Data extract below:

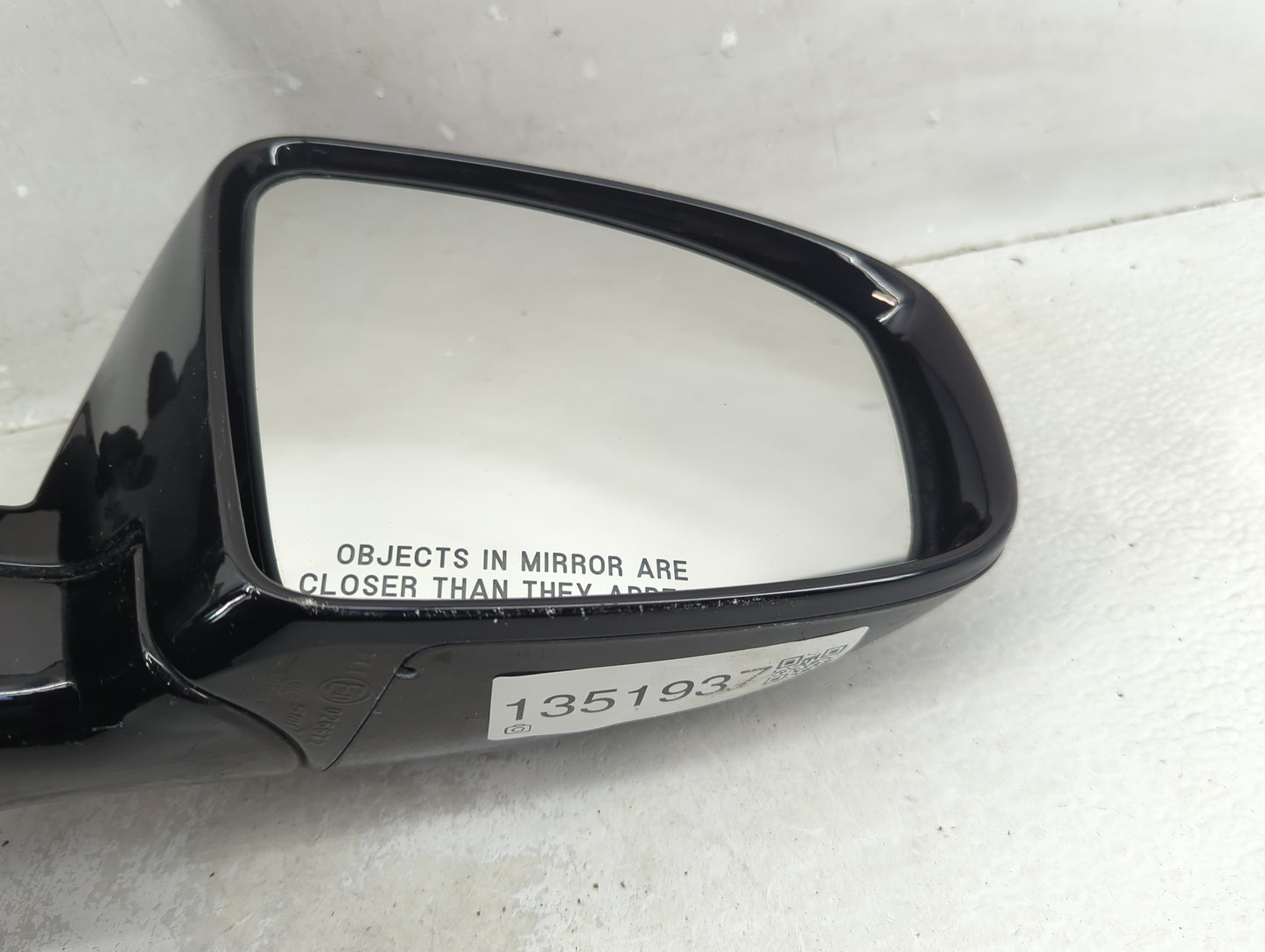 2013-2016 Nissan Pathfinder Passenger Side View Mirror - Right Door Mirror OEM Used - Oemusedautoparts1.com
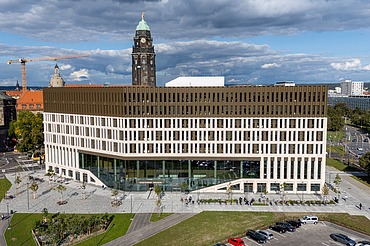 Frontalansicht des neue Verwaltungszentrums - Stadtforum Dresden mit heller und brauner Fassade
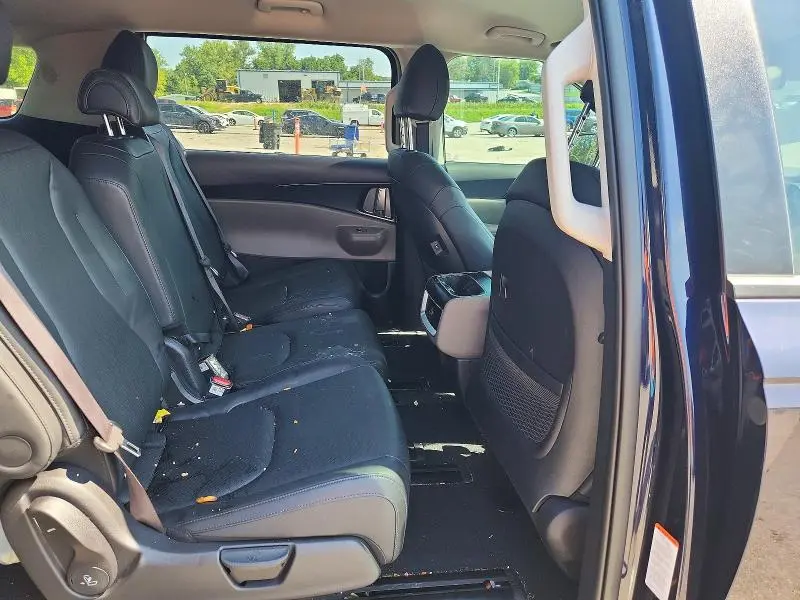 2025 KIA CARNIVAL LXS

End of Data extract.
Data extract below:

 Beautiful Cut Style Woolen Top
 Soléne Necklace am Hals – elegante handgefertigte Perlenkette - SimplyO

End of Data extract.

What the exercise asks: Precisely those lines above that run from the line with "2013-2016 Nissan Pathfinder" up to and including the line with "2025 KIA CARNIVAL LXS" are to be set down, with the pictures omitted.

Completed exercise:
 2013-2016 Nissan Pathfinder Passenger Side View Mirror - Right Door Mirror OEM Used - Oemusedautoparts1.com
 Frontalansicht des neue Verwaltungszentrums - Stadtforum Dresden mit heller und brauner Fassade
 2025 KIA CARNIVAL LXS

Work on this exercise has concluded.